A view from the outside: the land of nine day wonders
Kingston Technical High School administrators place a framed photo of the Yetanya Francis inside the Wildman Street Pentecostal Tabernacle as the school held a remembrance service for its late student in September.
With Karyl Walker
Jamaica is truly the land of nine day wonders.
Back in August, Jamaicans at home and abroad were up in arms when news broke of the ghastly murder of 14-year-old Yetanya Francis in the hot bed community of Arnett Gardens; they were beside themselves with rage and, all round, calls rang out for her killer/killers to be brought to justice.
Now, barely two months later, Yetanya’s frightening demise seems to have become a distant memory in our minds. She is just another statistic. Another one of the many children who were crushed like cockroaches under the boot heels of callous, bloodthirsty criminals who wreak havoc on our nation and have the law-abiding among us cowering in fear.
It is a fact that the sweet life that bubbled within Yetanya has not been the only one to have been mercilessly ripped away from as far back as one can remember. Jamaicans have become so drunk on incidents such as these that it is easy to live in false pretense by trying to forget and move on with our own existence, all the while hoping and praying that the next victim is not us or our loved ones.
But it is an indictment against us as a nation if heinous crimes such as these become just another unsolved crime. As a nation with a majority of decent, law-abiding citizens, the strong demand must be made of those in authority - those who claim our taxes and remittances that are vital to the country’s well-being - to do their job and ensure that justice is brought to bear for those who have been wronged by the deviants among us.
Will it be that the media, the police and, most importantly, the community of Arnett Gardens just allow this one to slide?

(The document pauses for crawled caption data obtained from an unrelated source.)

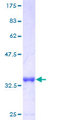 LSM6 Protein - 12.5% SDS-PAGE of human LSM6 stained with Coomassie Blue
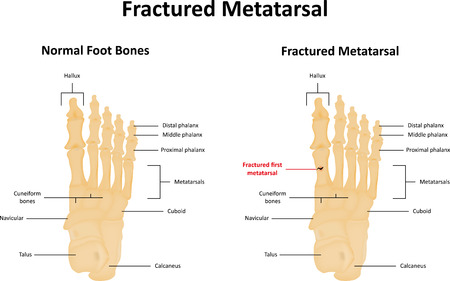Fractured Metatarsalのイラスト素材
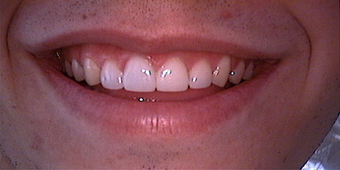 Veneers and crowns after 145694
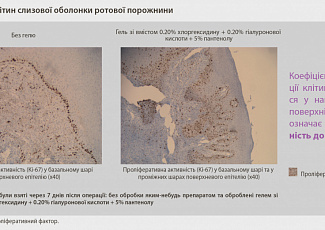 DENTAID TECHNOLOGY HYALURONREPAIR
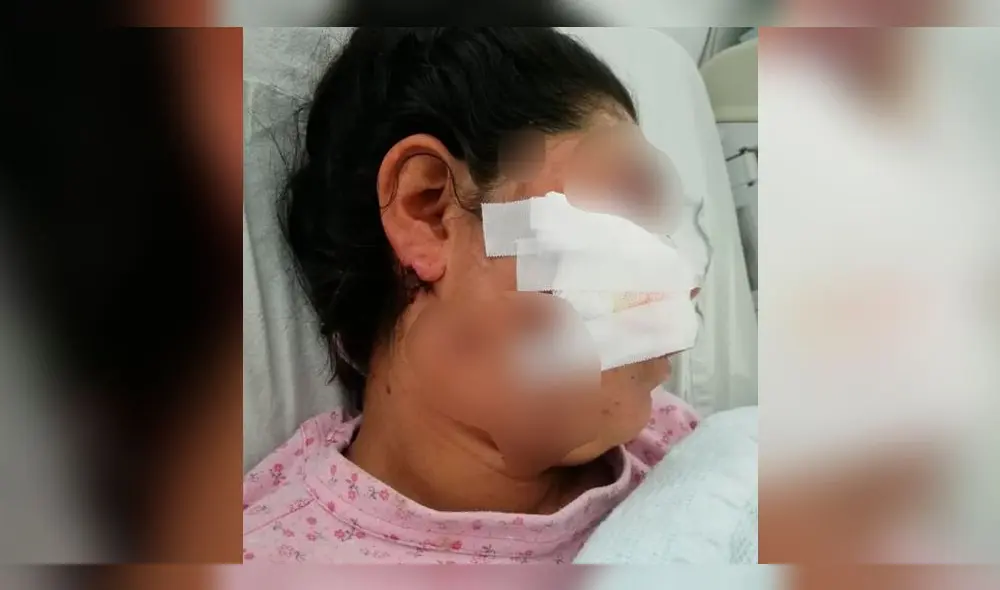 Piden ayuda para tía de niña asesinada en Apurímac que resultó herida durante protesta [VIDEO]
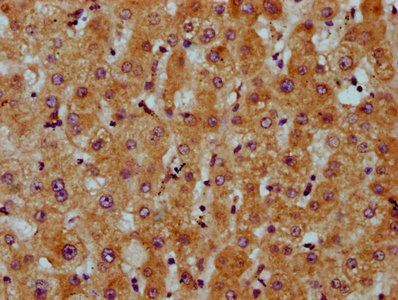 CDS2 Antibody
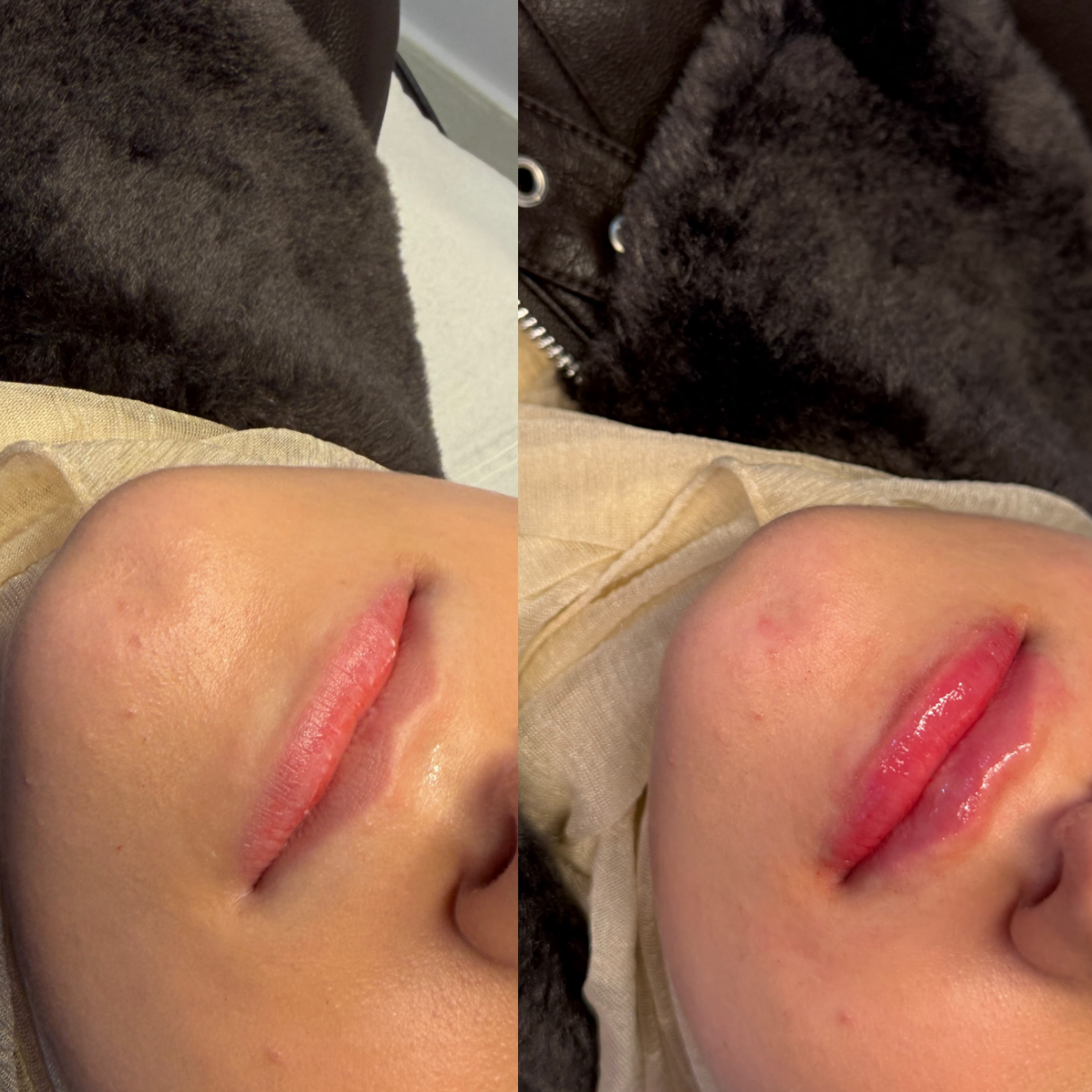 Russian / Natural Lip Filler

The media, of which I consider myself proudly a part of, should keep the spotlight shining on this and other cases which have rocked us for a moment and now are seemingly being treated as just statistic. After all, we are the ones who keep the pressure on those who have been mandated with securing the nation, whether it be the law enforcement officers, the elected representatives or those who know the truth behind this gruesome crime but choose to stay silent.
It is startling to me that one can reside thousands of miles outside of the island and get word that it is common knowledge that a relative of an influential community member is highly suspected by residents as the perpetrator of this crime. Surely the police must have gotten wind of this? Why then have we not even heard that a person of interest has been named for this crime or that an arrest has been made?

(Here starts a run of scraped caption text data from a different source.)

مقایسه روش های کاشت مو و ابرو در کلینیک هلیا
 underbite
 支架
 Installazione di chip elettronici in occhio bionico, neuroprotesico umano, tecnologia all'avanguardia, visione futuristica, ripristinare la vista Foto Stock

For a young child to have been abducted, possibly raped, killed and her remains burnt in the same community in which she resided and nothing to be done about it even on an investigative level, speaks volumes to how Jamaica has neglected the safety and security of its richest resource – the people.
Many who read this column will react by thinking that Yetanya has not been the only child to have been slaughtered by criminals, so why place the focus on her? The fact is that there has never been a sustained call for justice for too many of the country’s citizens whose precious lives have been snuffed out, leaving their loved ones scarred for life. This can no longer be the case. We have to start somewhere.

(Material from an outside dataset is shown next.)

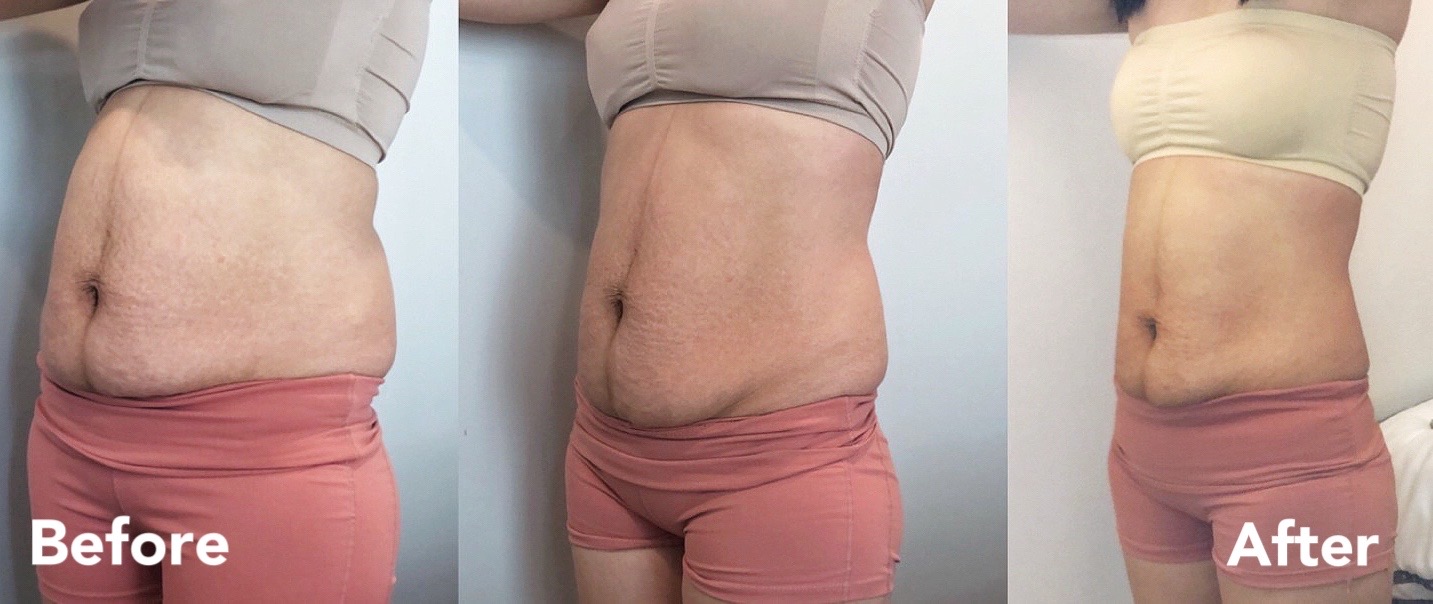 Postpartum belly recovery — front view before and after
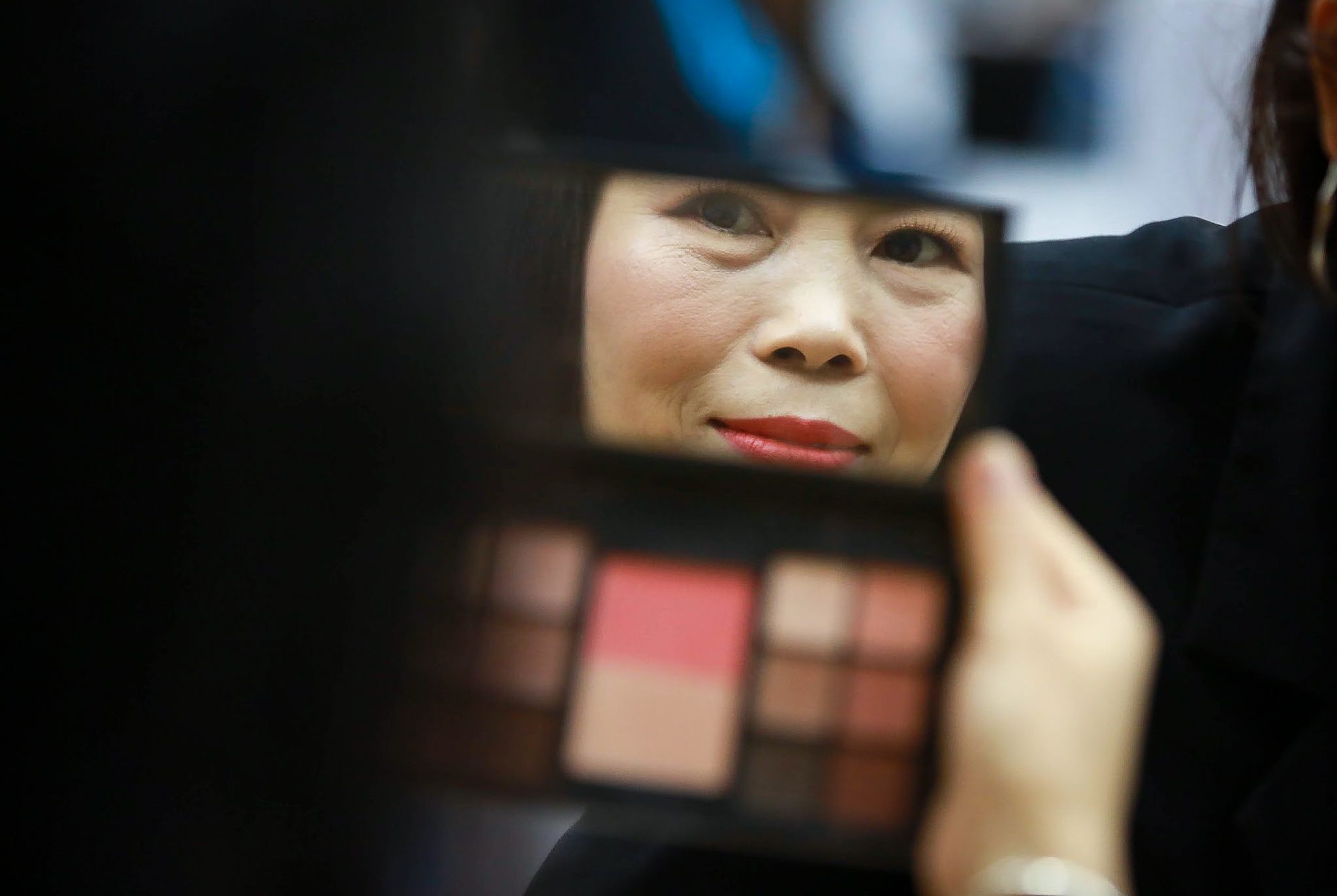 benh nhan tan mau bam sinh anh 2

Policing is not an ordinary job. It is a chosen profession. It takes a special breed of human being to enroll in law enforcement and take the job seriously. It is by no means an easy road to trod, especially in a violent society such as Jamaica. However those who have enlisted in the constabulary and have no criminal motive behind that move, must up their game and display the type of steadfast focus on serving, protecting and reassuring the vulnerable among us. For too long the criminal element, who are the minority, have held the country at bay.
We need justice for Yetanya and all the other victims of crime whose assailants have yet to be brought to book. It is the first step in bringing back the land of Jamaica from the bloody abyss of murderous despair and into which it has sunken.
That is my view from the outside.
Karyl Walker is a multi-award-winning journalist who has worked for Loop Jamaica, the Jamaica Observer, the RJR Communications Group and Nationwide Radio among other media entities. He now resides in South Florida.